Meteorologists said that such storms had been plowing the planet for time immemorial, and the term first was minted in 1880, but it's likely that no one around here could recall anything like this one since it ripped right through a population corridor.
In the afternoon of June 29, 2012, a cluster of storms mutated into what technically was a "mesoscale convective system," and commenced racing toward the East Coast at 60 mph in a bow-echo pattern.
By the time the so-called "derecho" reached the Jersey Shore, about 1 a.m. on June 30, a Saturday, it probably was packing wind gusts of 100 mph, according to Shore native Jim Eberwine, a retired National Weather Service meteorologist.

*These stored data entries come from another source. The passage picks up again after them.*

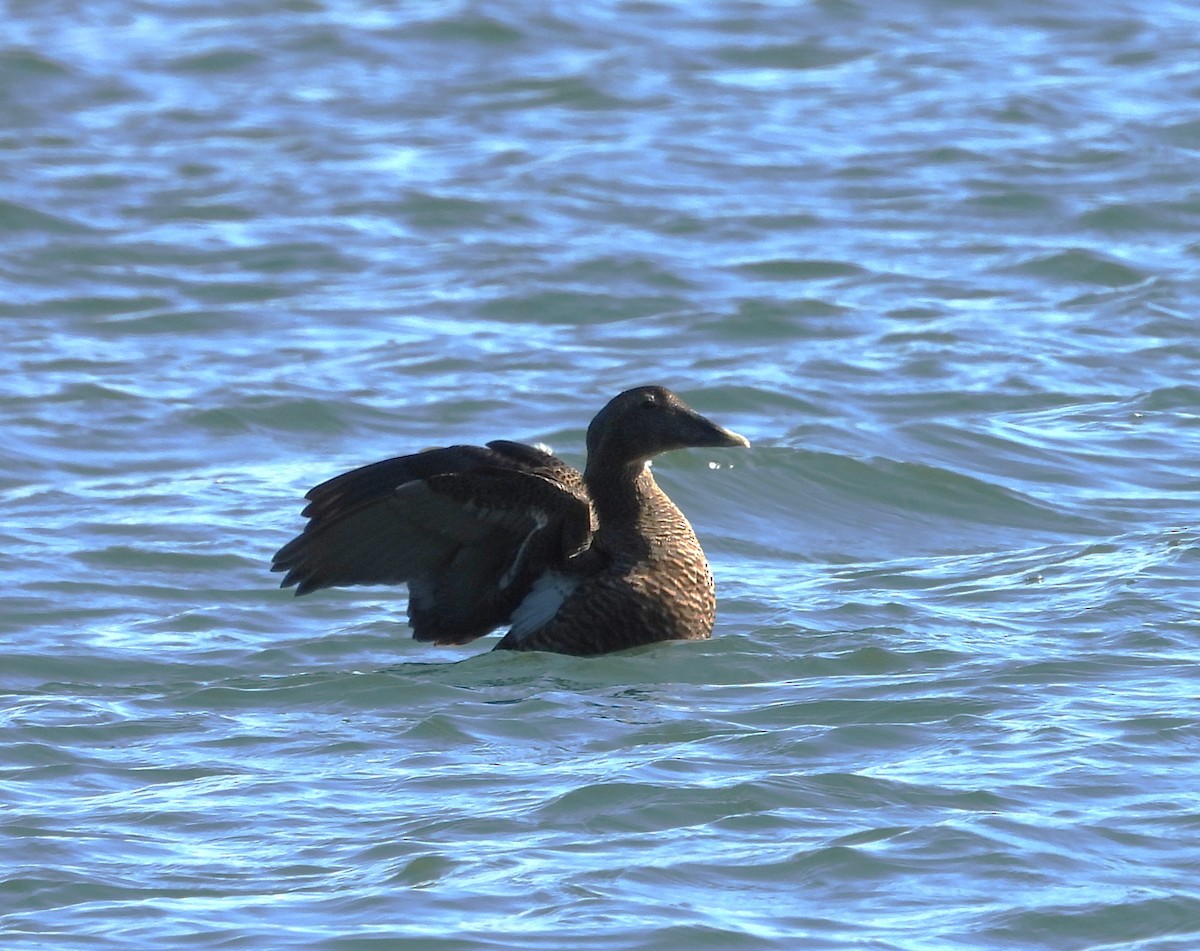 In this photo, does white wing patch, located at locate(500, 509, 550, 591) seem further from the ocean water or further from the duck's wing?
the ocean water

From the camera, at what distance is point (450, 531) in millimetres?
7203

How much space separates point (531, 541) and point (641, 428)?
52 centimetres

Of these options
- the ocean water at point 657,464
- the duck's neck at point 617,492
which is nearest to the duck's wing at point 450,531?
the duck's neck at point 617,492

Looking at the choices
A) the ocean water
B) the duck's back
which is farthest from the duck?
the ocean water

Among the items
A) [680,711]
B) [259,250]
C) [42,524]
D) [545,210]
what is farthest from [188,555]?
[545,210]

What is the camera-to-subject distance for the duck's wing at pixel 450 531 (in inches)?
277

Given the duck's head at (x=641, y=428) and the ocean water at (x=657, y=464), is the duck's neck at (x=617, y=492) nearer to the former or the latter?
the duck's head at (x=641, y=428)

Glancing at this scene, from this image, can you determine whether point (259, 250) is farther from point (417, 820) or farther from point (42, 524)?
point (417, 820)

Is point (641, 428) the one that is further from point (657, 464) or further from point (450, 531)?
point (657, 464)

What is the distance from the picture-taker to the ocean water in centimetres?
527

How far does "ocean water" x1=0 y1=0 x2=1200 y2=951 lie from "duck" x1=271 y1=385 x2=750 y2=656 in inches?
6.2

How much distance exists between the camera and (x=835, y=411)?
10.4m

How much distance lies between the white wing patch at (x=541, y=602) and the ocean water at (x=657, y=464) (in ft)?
0.51

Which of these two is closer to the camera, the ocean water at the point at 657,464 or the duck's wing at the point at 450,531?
the ocean water at the point at 657,464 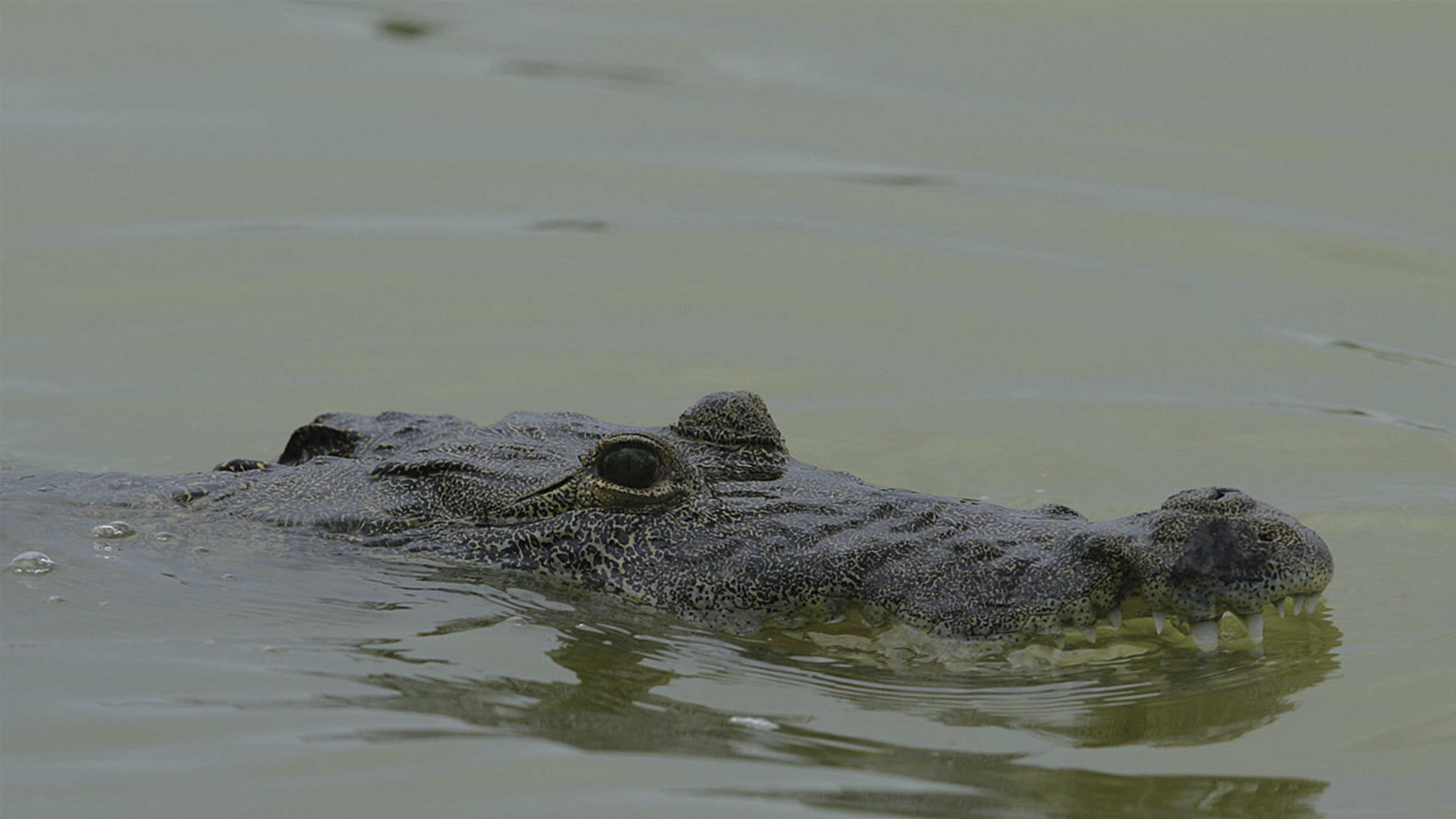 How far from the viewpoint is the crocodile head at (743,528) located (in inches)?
229

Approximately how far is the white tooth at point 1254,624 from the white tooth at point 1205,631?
9 cm

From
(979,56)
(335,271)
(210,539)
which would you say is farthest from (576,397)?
(979,56)

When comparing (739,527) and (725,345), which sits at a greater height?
(725,345)

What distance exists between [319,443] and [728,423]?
1974mm

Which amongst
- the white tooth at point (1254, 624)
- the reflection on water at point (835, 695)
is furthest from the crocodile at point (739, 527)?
the reflection on water at point (835, 695)

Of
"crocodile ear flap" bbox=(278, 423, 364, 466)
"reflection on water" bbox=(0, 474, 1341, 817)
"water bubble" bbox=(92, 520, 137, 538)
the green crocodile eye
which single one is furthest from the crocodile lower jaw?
"water bubble" bbox=(92, 520, 137, 538)

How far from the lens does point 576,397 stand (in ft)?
33.5

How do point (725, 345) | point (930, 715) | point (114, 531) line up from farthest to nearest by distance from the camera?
point (725, 345)
point (114, 531)
point (930, 715)

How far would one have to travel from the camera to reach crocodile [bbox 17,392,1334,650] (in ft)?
19.1

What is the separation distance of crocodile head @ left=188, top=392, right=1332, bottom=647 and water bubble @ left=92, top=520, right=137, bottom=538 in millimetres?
285

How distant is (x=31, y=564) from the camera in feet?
22.9

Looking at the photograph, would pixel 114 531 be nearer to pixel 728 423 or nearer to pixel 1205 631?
pixel 728 423

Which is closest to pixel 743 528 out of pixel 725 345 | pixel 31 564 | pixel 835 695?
pixel 835 695

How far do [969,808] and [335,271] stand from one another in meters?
7.73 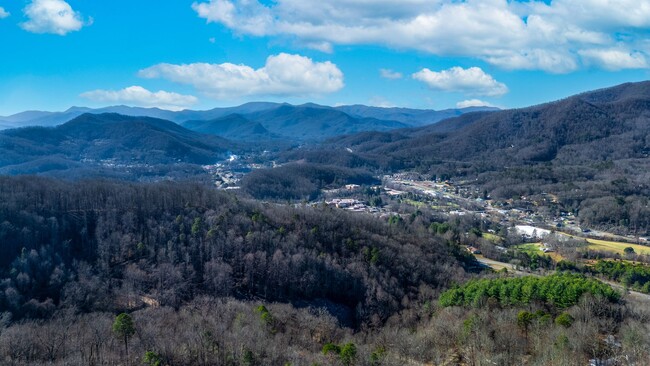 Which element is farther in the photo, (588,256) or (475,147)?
(475,147)

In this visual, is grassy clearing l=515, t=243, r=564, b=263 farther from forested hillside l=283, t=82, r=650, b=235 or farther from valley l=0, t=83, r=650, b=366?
forested hillside l=283, t=82, r=650, b=235

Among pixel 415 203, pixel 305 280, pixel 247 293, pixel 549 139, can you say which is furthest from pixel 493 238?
pixel 549 139

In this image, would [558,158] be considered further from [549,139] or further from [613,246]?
[613,246]

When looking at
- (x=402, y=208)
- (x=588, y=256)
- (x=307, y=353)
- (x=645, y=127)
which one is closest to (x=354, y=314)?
(x=307, y=353)

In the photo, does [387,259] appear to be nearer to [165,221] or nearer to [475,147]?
[165,221]

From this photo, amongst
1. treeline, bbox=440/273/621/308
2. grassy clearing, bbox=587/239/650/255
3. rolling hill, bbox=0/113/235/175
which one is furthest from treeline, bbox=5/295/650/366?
rolling hill, bbox=0/113/235/175

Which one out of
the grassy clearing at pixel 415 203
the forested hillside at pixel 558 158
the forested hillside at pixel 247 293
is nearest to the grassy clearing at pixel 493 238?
the forested hillside at pixel 247 293

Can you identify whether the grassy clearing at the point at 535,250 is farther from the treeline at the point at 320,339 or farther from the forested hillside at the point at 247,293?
the treeline at the point at 320,339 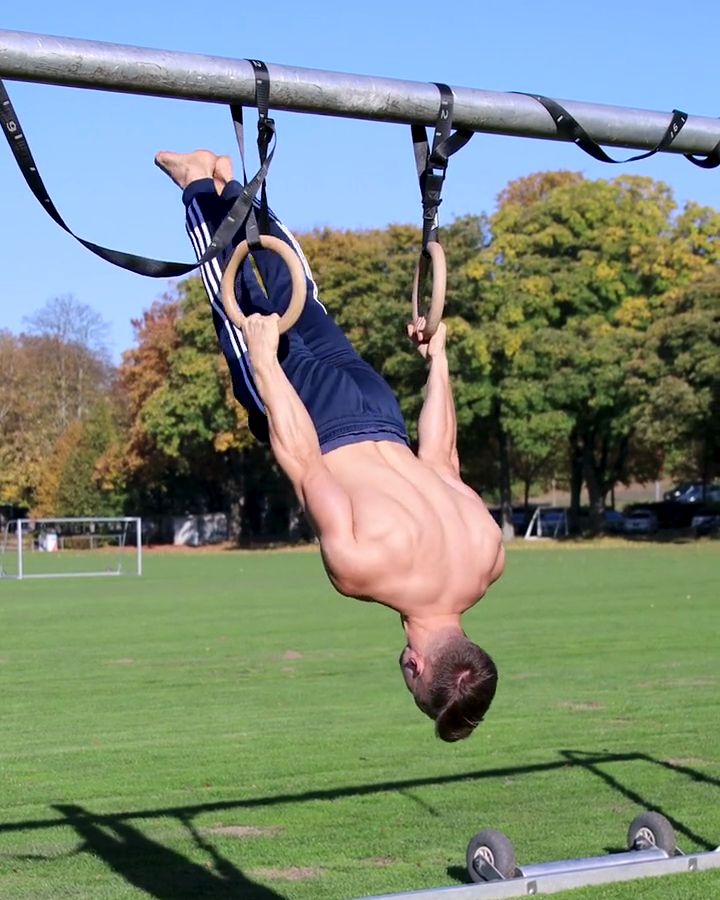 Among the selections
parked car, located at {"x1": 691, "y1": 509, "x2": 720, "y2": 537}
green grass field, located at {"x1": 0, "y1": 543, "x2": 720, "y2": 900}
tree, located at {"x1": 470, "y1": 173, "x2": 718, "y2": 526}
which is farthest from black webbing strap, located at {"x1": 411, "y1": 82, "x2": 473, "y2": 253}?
parked car, located at {"x1": 691, "y1": 509, "x2": 720, "y2": 537}

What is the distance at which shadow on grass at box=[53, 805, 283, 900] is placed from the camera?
7.73 meters

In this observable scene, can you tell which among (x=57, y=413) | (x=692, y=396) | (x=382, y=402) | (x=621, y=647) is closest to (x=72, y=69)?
(x=382, y=402)

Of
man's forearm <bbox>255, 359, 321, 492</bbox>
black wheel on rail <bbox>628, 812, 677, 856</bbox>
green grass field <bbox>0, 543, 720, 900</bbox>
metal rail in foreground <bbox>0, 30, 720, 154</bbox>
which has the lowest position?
green grass field <bbox>0, 543, 720, 900</bbox>

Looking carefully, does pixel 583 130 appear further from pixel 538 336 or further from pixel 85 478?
pixel 85 478

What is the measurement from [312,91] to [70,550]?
58.5 metres

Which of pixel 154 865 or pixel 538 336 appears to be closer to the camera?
pixel 154 865

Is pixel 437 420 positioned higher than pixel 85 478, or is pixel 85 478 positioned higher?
pixel 85 478

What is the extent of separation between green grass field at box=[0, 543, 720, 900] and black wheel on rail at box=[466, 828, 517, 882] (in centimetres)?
38

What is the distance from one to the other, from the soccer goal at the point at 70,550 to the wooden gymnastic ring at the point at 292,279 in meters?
35.4

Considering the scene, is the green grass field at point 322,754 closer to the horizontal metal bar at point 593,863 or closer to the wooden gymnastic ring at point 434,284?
the horizontal metal bar at point 593,863

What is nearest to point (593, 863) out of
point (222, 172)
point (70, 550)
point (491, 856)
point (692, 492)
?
point (491, 856)

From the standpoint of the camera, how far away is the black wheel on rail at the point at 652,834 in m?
7.80

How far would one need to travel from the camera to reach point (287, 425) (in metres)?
5.03

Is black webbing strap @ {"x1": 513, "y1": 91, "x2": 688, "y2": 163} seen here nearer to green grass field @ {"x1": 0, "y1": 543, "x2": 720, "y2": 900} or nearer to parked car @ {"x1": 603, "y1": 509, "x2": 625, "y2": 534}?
green grass field @ {"x1": 0, "y1": 543, "x2": 720, "y2": 900} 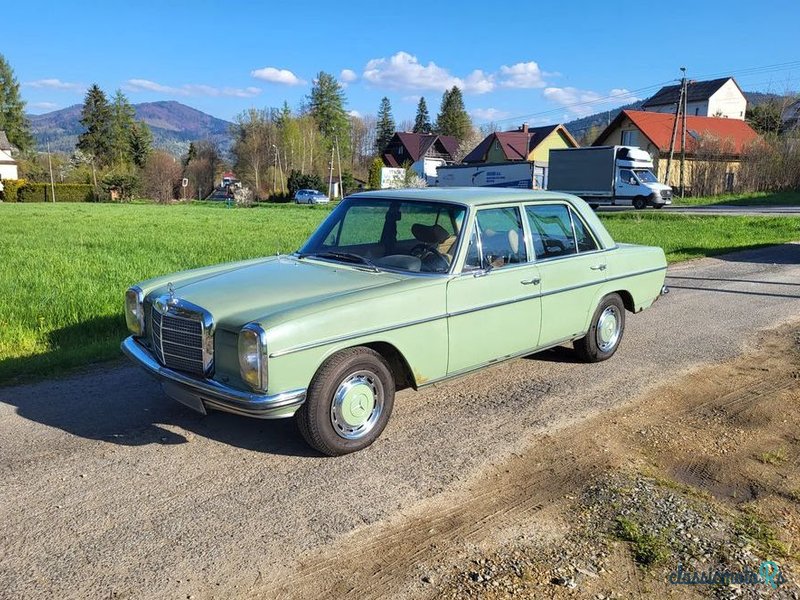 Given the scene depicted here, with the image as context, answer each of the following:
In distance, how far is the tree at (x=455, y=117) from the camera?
100188 mm

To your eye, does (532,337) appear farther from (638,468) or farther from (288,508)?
(288,508)

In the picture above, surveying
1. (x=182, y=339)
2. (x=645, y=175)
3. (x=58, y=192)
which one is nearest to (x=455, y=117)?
Answer: (x=58, y=192)

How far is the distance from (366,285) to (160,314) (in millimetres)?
1398

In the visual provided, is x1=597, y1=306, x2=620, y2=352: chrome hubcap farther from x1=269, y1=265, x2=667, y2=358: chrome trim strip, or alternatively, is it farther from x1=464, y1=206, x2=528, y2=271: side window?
x1=464, y1=206, x2=528, y2=271: side window

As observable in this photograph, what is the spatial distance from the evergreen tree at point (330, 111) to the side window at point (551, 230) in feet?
290

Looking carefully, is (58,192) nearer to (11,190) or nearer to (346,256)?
(11,190)

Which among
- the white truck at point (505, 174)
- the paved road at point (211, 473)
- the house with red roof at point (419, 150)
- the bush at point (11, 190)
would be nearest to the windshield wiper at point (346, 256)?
the paved road at point (211, 473)

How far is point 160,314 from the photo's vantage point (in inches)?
163

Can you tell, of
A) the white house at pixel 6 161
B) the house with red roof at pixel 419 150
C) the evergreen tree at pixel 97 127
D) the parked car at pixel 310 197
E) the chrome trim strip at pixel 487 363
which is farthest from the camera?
the evergreen tree at pixel 97 127

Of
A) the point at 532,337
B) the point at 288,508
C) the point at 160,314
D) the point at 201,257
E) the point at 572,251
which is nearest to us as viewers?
the point at 288,508

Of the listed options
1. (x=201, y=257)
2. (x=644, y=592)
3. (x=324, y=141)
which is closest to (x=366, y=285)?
(x=644, y=592)

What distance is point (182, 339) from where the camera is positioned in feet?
13.1

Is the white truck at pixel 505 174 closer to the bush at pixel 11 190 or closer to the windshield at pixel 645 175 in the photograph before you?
the windshield at pixel 645 175

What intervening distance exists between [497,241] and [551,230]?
833mm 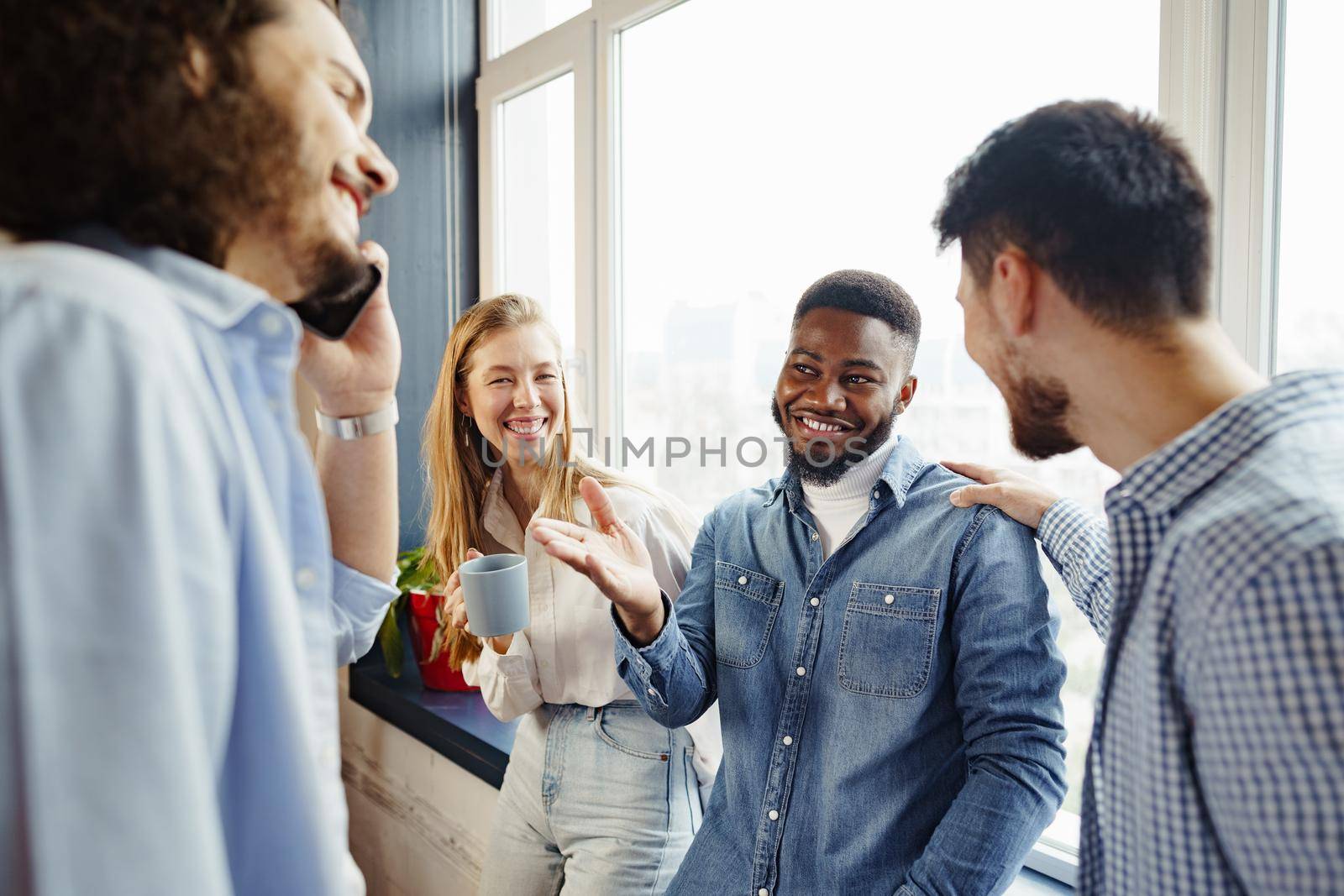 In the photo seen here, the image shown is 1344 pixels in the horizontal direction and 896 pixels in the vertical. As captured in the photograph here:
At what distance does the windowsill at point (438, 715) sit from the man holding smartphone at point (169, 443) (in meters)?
1.37

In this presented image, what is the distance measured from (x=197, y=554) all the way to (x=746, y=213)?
162 cm

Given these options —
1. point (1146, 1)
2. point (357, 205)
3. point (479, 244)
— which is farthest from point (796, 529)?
A: point (479, 244)

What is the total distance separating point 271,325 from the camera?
0.60m

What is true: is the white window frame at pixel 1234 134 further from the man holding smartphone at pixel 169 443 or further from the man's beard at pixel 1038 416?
the man holding smartphone at pixel 169 443

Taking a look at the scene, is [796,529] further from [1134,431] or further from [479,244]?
[479,244]

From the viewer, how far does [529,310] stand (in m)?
1.73

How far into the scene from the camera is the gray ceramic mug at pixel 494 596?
48.4 inches

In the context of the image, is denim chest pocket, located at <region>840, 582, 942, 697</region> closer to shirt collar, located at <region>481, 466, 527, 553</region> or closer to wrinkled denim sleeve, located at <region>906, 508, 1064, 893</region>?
wrinkled denim sleeve, located at <region>906, 508, 1064, 893</region>

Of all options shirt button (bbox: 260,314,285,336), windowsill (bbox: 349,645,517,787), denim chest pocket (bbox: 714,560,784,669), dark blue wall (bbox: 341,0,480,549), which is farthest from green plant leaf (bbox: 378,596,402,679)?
shirt button (bbox: 260,314,285,336)

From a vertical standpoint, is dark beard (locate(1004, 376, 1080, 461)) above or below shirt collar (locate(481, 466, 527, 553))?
above

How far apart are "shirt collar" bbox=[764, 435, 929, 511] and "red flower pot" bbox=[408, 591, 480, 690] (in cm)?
129

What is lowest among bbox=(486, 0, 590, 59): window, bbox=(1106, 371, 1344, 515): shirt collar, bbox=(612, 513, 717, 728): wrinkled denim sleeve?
bbox=(612, 513, 717, 728): wrinkled denim sleeve

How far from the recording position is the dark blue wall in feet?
8.38

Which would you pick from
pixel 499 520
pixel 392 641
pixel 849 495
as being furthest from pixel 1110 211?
pixel 392 641
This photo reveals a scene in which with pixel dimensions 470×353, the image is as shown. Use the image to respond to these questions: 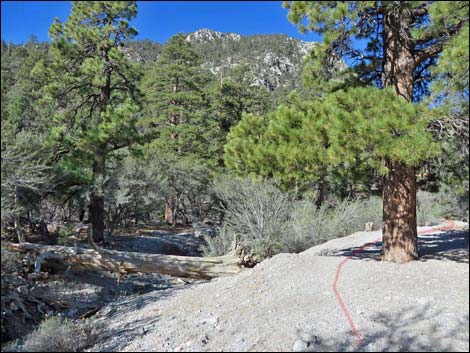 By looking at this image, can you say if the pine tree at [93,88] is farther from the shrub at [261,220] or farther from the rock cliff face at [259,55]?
the rock cliff face at [259,55]

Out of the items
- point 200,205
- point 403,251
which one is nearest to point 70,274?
point 403,251

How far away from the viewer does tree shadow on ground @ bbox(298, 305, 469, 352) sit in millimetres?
4363

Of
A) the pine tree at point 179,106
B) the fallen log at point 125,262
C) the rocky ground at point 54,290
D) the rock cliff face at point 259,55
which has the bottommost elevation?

In its post-storm report, the weather service called it "a derecho of historic proportions."
It roared through 10 states for 700 miles, affecting parts of Pennsylvania, New Jersey. Measured gusts topped 80 mph.
In all 13 deaths were blamed directly on the winds, while an additional 34 heat-related deaths were reported in areas that had lost power during a continuing hot spell.
The government requirements for a "derecho" include a wind pattern that shows "chronological progression," and at least three separate reports of tornado-like damage about 40 miles apart.
This one more than qualified.
Three of the deaths occurred in New Jersey, and Atlantic County was particularly hard hit.
The storm did come with some warning. Severe-thunderstorm warnings had been posted, and the government's Storm Prediction Center, in Norman, Okla., issued a warning at 10:51 p.m. that derecho was heading our way.
But it is safe to say that no warning could convey the dangers of a rapidly moving storm of such ferocity.